» **Goal of the exercise**
Starting at the line that contains "InstamamBrnAward2020" and stopping after the line that contains "Apartment Nedic Doboj Dış mekan fotoğraf", transcribe the listing below exactly; do not include any pictures.

» **Source material**
▬▬▬

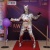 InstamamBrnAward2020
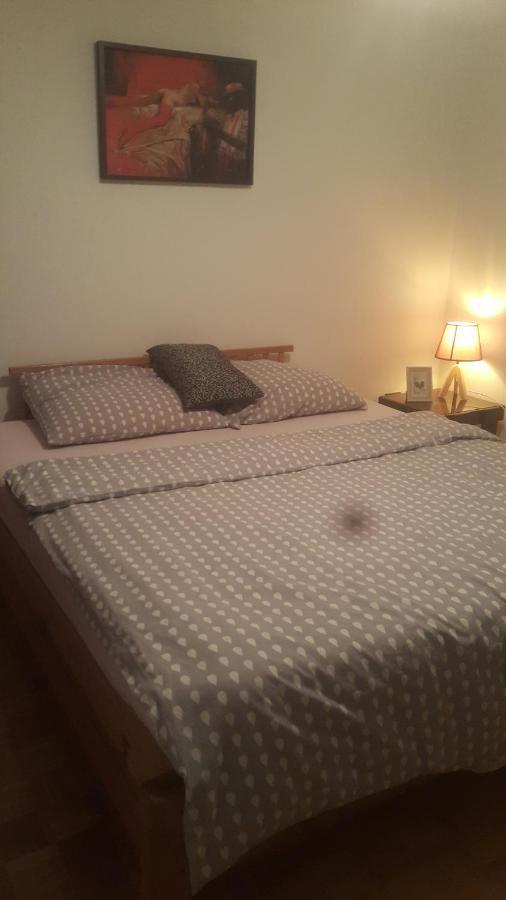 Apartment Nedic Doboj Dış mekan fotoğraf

▬▬▬

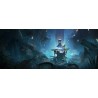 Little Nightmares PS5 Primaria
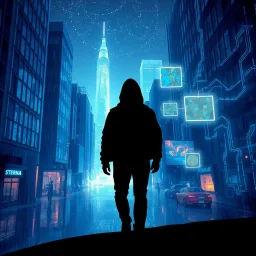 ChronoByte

▬▬▬

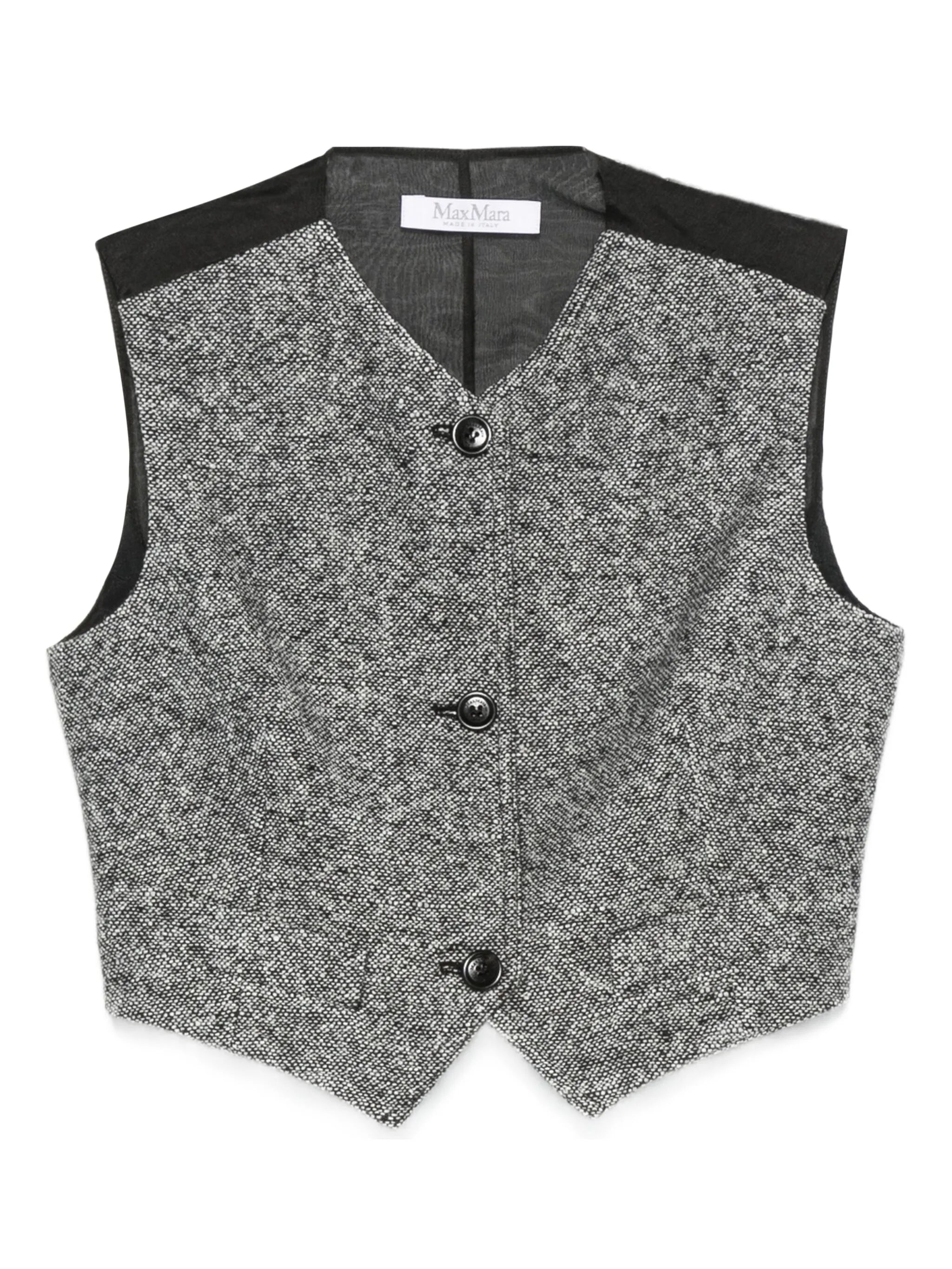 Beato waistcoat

▬▬▬

» **Response area**
 InstamamBrnAward2020
 Apartment Nedic Doboj Dış mekan fotoğraf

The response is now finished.